Could you repeat the listing below exactly while leaving its pictures behind?

*** Opening of Material provided ***

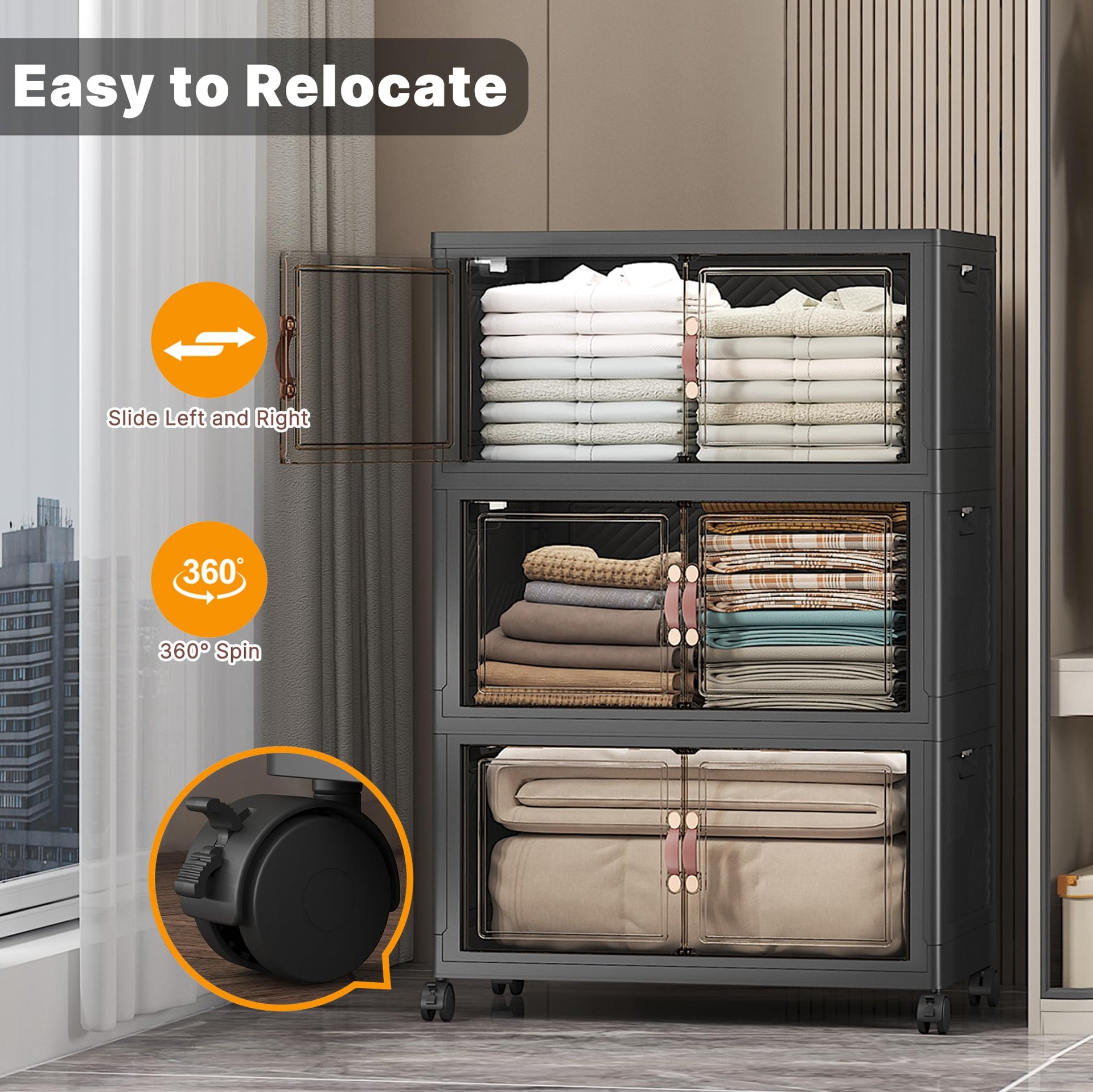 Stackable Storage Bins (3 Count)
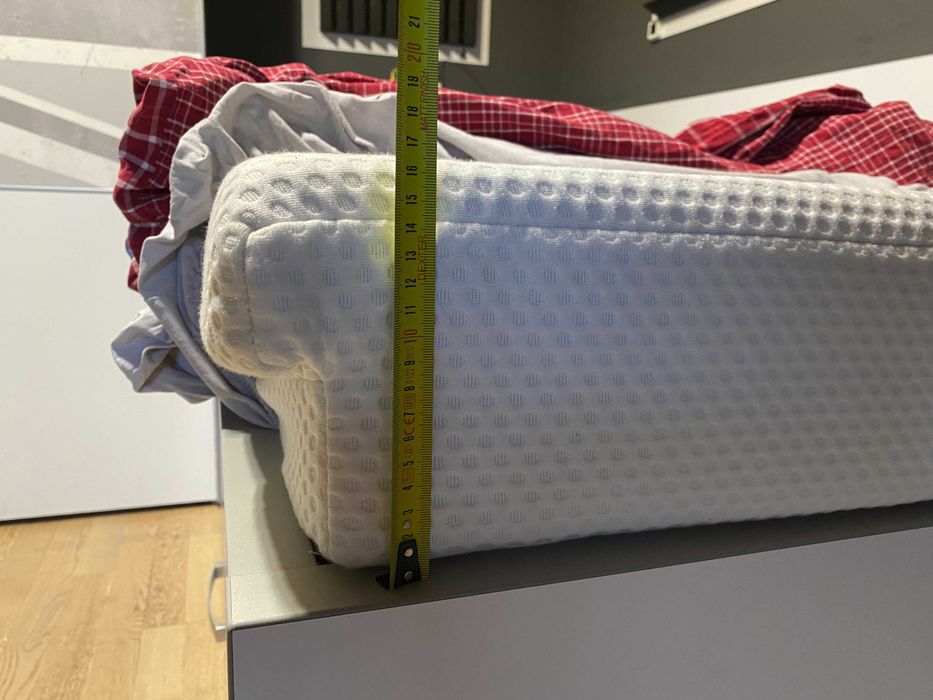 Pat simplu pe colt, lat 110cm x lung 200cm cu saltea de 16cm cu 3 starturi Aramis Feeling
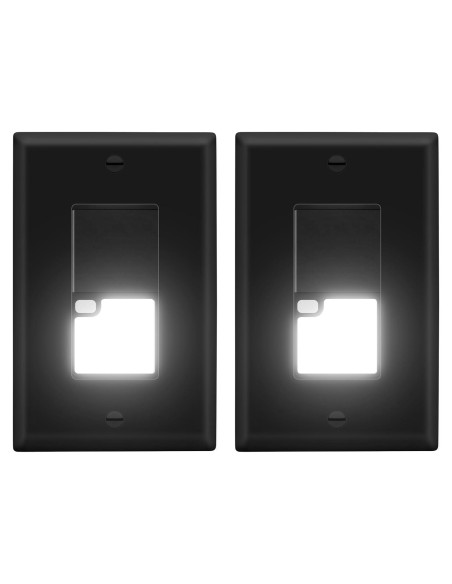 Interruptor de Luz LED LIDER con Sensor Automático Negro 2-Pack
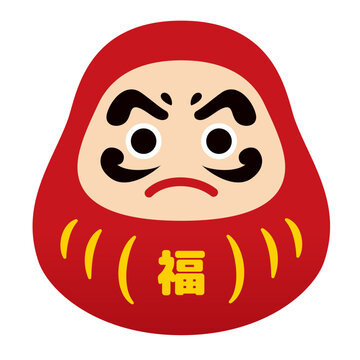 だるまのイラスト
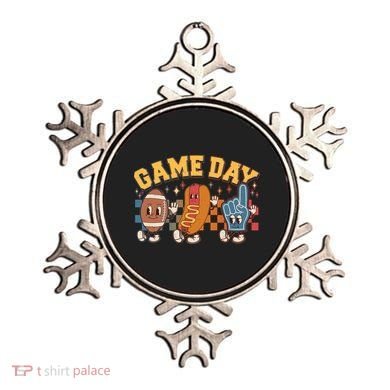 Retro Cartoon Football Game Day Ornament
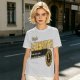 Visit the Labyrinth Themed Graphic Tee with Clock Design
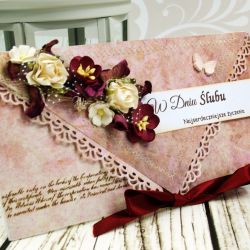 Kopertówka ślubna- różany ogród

*** Close of Material provided ***

**Answer for the task:**
 Stackable Storage Bins (3 Count)
 Pat simplu pe colt, lat 110cm x lung 200cm cu saltea de 16cm cu 3 starturi Aramis Feeling
 Interruptor de Luz LED LIDER con Sensor Automático Negro 2-Pack
 だるまのイラスト
 Retro Cartoon Football Game Day Ornament
 Visit the Labyrinth Themed Graphic Tee with Clock Design
 Kopertówka ślubna- różany ogród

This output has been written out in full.